(Entries supplied Opens)
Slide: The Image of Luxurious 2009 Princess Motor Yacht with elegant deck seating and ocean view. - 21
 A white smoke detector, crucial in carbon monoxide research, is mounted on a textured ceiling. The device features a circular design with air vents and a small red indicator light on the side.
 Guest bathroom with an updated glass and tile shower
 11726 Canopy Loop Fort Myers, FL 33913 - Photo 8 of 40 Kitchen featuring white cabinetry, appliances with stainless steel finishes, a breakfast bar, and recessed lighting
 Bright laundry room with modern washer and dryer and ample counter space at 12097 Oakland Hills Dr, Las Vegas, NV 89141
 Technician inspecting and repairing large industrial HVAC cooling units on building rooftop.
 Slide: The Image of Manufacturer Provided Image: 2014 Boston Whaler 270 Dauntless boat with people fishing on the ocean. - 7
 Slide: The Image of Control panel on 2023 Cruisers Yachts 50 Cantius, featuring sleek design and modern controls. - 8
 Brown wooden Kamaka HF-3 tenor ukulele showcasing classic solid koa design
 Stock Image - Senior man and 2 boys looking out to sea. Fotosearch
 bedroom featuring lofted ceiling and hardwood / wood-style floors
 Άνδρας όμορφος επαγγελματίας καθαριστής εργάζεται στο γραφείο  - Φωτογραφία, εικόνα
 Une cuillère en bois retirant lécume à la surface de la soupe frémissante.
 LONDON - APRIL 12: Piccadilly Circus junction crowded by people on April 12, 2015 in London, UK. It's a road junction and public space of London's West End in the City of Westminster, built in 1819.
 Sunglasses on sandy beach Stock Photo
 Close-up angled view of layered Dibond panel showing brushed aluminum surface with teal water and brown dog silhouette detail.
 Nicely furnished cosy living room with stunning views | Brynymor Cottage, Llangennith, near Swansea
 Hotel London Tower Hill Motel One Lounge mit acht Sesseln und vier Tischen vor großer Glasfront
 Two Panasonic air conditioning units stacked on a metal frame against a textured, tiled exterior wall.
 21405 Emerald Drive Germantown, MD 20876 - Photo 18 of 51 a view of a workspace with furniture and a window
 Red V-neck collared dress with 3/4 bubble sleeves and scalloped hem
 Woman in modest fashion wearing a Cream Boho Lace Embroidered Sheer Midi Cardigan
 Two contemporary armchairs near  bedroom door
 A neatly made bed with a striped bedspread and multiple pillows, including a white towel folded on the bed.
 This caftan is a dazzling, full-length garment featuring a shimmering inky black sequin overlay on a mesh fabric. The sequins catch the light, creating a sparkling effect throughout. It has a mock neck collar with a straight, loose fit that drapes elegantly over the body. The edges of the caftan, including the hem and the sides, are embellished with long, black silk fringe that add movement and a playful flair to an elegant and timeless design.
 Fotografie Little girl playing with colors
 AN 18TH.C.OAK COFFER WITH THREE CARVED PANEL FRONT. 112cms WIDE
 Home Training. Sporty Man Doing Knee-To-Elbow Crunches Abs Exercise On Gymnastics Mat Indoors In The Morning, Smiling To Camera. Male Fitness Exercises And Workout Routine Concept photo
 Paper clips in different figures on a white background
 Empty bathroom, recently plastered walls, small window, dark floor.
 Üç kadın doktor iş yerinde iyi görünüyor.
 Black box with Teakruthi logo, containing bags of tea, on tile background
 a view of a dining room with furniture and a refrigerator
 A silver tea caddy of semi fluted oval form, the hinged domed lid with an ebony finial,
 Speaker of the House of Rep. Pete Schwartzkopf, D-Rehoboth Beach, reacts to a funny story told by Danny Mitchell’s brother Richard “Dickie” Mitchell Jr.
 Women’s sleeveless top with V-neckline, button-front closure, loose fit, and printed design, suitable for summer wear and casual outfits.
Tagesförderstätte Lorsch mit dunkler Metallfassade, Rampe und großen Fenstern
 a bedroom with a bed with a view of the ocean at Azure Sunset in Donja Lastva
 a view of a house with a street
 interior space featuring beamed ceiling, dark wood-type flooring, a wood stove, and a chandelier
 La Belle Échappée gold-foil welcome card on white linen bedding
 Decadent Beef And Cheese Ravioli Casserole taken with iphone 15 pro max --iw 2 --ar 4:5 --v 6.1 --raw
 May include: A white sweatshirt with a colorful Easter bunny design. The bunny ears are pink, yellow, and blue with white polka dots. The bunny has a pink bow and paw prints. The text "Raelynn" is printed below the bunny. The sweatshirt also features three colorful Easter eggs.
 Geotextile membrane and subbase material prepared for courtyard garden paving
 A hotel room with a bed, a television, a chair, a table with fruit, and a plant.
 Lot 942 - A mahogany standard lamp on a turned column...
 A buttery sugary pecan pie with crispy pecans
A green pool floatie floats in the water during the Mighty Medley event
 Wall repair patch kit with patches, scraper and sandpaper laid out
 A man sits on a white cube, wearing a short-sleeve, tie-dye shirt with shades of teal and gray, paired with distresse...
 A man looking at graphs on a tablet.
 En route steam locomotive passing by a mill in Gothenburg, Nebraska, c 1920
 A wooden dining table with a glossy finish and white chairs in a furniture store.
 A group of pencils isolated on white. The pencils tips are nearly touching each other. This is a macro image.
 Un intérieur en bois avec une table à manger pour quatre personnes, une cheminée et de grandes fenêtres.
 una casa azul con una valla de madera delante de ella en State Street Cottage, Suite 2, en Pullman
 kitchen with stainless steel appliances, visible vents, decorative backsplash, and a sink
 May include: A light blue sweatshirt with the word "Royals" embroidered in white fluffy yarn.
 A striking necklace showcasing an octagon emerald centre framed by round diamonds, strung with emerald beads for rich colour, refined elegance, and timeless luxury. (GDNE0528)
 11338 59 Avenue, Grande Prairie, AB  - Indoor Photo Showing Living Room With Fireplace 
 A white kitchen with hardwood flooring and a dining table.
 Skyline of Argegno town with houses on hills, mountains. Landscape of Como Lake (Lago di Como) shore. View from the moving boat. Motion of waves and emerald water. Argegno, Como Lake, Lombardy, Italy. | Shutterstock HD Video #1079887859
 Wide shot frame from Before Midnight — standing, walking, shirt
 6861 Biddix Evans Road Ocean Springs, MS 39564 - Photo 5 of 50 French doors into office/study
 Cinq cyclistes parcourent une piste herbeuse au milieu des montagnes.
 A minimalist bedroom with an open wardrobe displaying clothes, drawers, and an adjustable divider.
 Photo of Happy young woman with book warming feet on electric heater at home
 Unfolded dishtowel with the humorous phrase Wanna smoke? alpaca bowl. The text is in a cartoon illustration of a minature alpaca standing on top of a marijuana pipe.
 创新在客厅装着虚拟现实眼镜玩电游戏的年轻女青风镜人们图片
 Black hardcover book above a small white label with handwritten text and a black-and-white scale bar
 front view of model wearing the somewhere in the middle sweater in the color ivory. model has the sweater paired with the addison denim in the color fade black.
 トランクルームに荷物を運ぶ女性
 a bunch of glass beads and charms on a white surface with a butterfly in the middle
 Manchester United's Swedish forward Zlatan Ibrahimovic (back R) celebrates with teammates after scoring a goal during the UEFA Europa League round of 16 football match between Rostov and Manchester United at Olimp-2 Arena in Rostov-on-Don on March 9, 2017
(Entries supplied Closes)
_What you should do:_ Take from the material above every line that includes the word "wearing".

_Task solution:_
 Woman in modest fashion wearing a Cream Boho Lace Embroidered Sheer Midi Cardigan
 A man sits on a white cube, wearing a short-sleeve, tie-dye shirt with shades of teal and gray, paired with distresse...
 front view of model wearing the somewhere in the middle sweater in the color ivory. model has the sweater paired with the addison denim in the color fade black.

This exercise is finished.